Prime Minister John Key is refusing to release advice from the Cabinet Office that he says clears the Justice Minister of breaching Cabinet rules.
Judith Collins is under pressure from the Labour Party about a visit to her husband's milk export company Oravida when she was in China last year.
Labour says the visit was a clear conflict of interest because photos of it carried a message saying Ms Collins was full of praise for the milk, and that kind of endorsement is against Cabinet rules.
Mr Key told reporters on Thursday he won't release the advice he has received on the matter.
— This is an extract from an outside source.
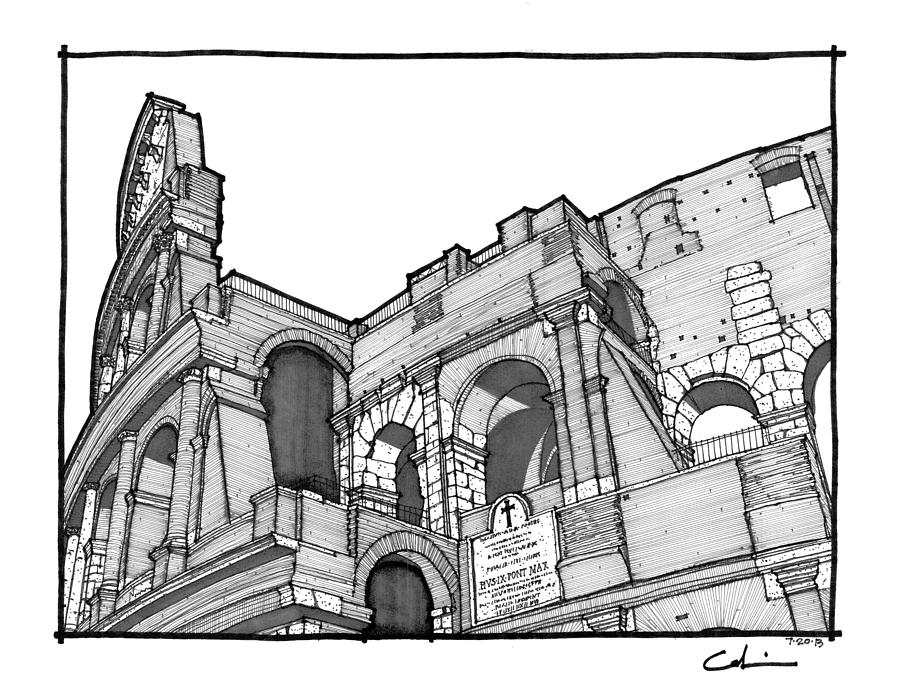 900x689 Roman Colosseum Drawing By Calvin Durham - Roman Colosseum Sketch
"We have a set of rules which are always just a guideline anyway. We look to follow those guidelines as best we possibly can and because questions were asked I did what you'd expect me to do which was seek advice from the Cabinet office and the advice was absolutely unequivocal - there was no breach of the Cabinet manual."
Mr Key said parties in Opposition claim the rules are really strict, but when in Government they claim something different.
Meanwhile, Labour failed to get more answers from Judith Collins about her trip because she wasn't at Parliament on Thursday.
MP Grant Robertson was denied leave by National members to postpone his question to Ms Collins until she was back in the House, so Attorney-General Chris Finlayson answered on the minister's behalf.
Mr Robertson asked who invited Ms Collins to visit the company; whether it came from her husband who is a director of Oravida, a golfing companion of Mr Key's who donated $55,000 to the National Party, or party president Peter Goodfellow, whose company is a supplier to Oravida.
Mr Finlayson replied he doubted it would be any of them, but he would find out.